A family vacation is usually not be based on looking at a hole along with hundreds of other people crowding around nature. I may be wrong, but I thought nature was to be observed in silence with that Lee Ann Womack song “I Hope You Dance” acting like a broken record with the line, “I hope you still feel small when you stand beside the ocean” because you do feel small beside the Grand Canyon.
With that, Glacier National Park is much more for me for if I choose to vacation for a long period of time. There climbing is a limitless exploration and feels safer and more tangible. Also, the mere contrast of warmth or normal mountain temperature with glacial rock is astonishing. Green combining with white blends together to form a new color, one no Crayola manufacturer can name.
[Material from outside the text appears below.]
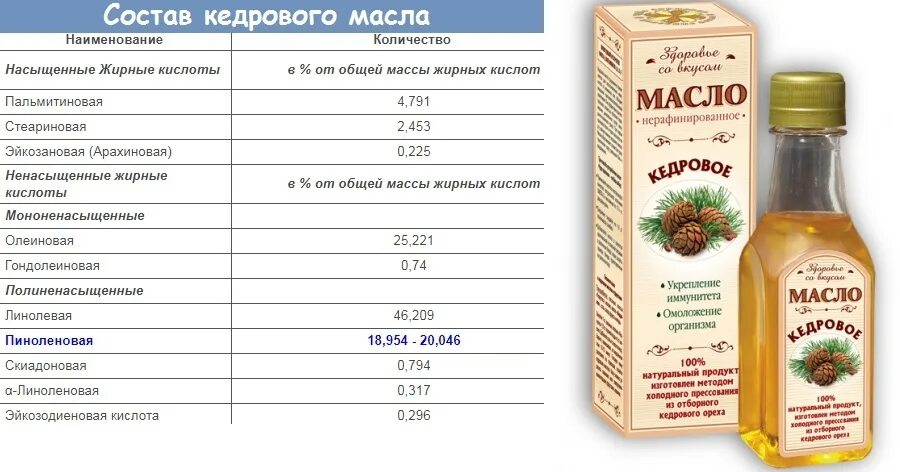 Масла показания противопоказания. Масло кедрового ореха Омега 3 и Омега 6. Кедровое масло состав таблица. Масло кедрового ореха. Состав кедрового масла холодного отжима.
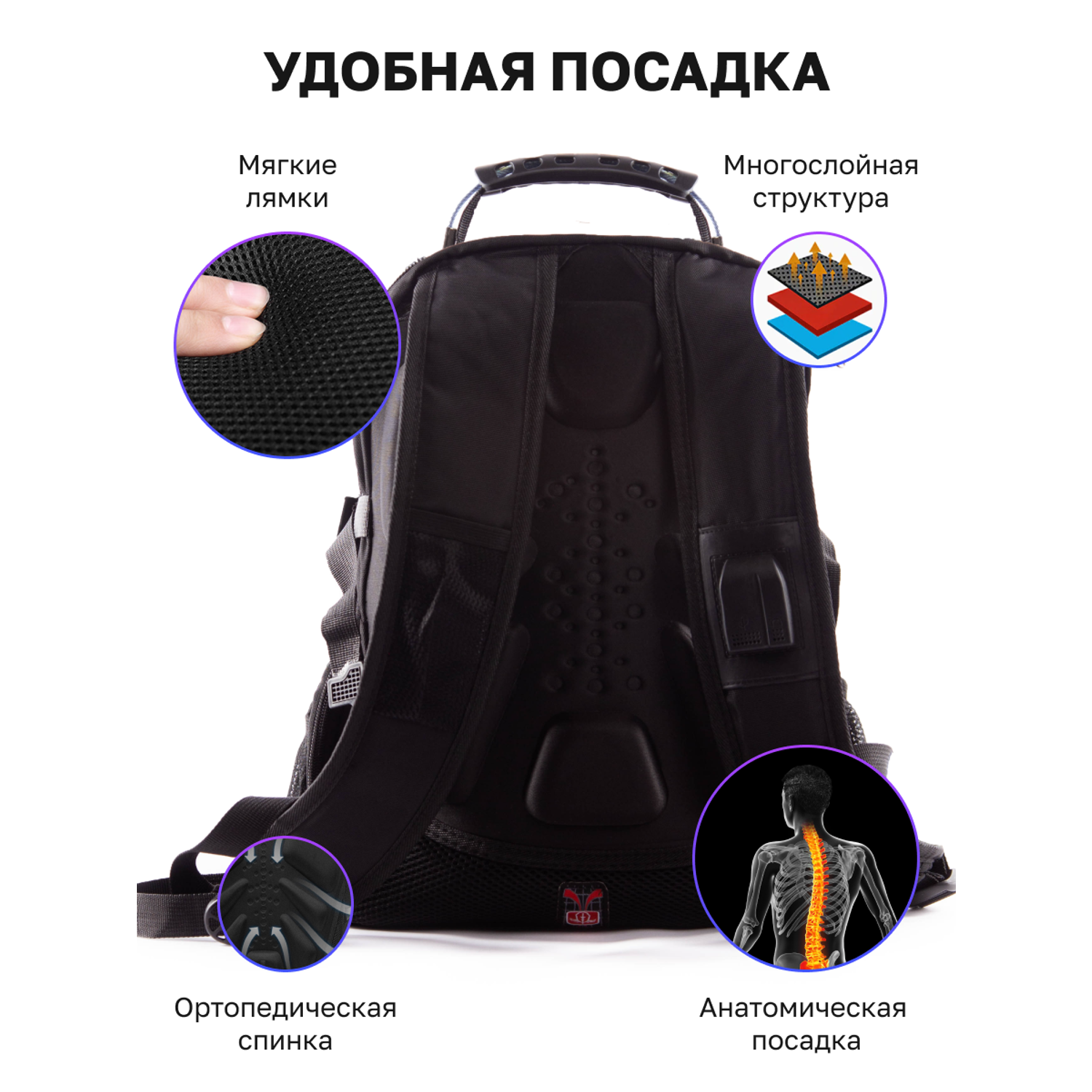 Рюкзак школьный спортивный LUXMAN Черный - фото 3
There is also a town close by, Columbia Falls, with people chugging along with a tinge of Northern Exposure. So if camping in the park over a motel is not something I desire, then I can stay in the town to witness the magnificence of the mountain at my door. The mountains are unmistakably breathtaking and easily viewed from anywhere in town instead of at death threatening heights such as the Grand Canyon.
For me the beauty and awe is the same as the Grand Canyon but cheaper and more omnipresent. Two million visitors come to Glacier each year, and I can see why. The Robert Frost poem “Fire and Ice” comes to mind while in the park. This mesh of greenery and ice working together to produce a landscape anyone would need to reach enlightenment. If the world were to end like in the poem, I would just chose to be in Glacier when it did.
Wednesday, June 24, 2009
Where Starbucks was Born
Fish, bread, glazed nut aroma, postcards, tacky gift shop t-shirts, and some fruit gave me a ton to look at as I spent my hour at Pike Place Market away from the others in my group. It is nice to have this time for myself. I made googley eyes at the fish throwers because astonishingly enough they are very attractive with lively sense of humors. The sounds of people talking and laughing as well as street musicians carried me from one spot to the next in the market. The overwhelming smell of coffee and sweets concealed any fish stench. Families strolled along with no rush since it is in fact, Sunday. This day could not start out any better in my semi-mecca, the birthplace of Starbucks.
Unfortunately, my new red shoes- which I could not wait to wear- wore me. Yes, they were cheap for a reason because the backs of my heels began to hurt early on, and by the end on the day, I had walked possibly more than in any other city, and my heels were beaten. Wanting to complain and scream all day to my group, I refused to since I had shown them off so candidly and stupidly the day before as being a great find. Now I walked/ limped in silent pain coupled with lower back strain.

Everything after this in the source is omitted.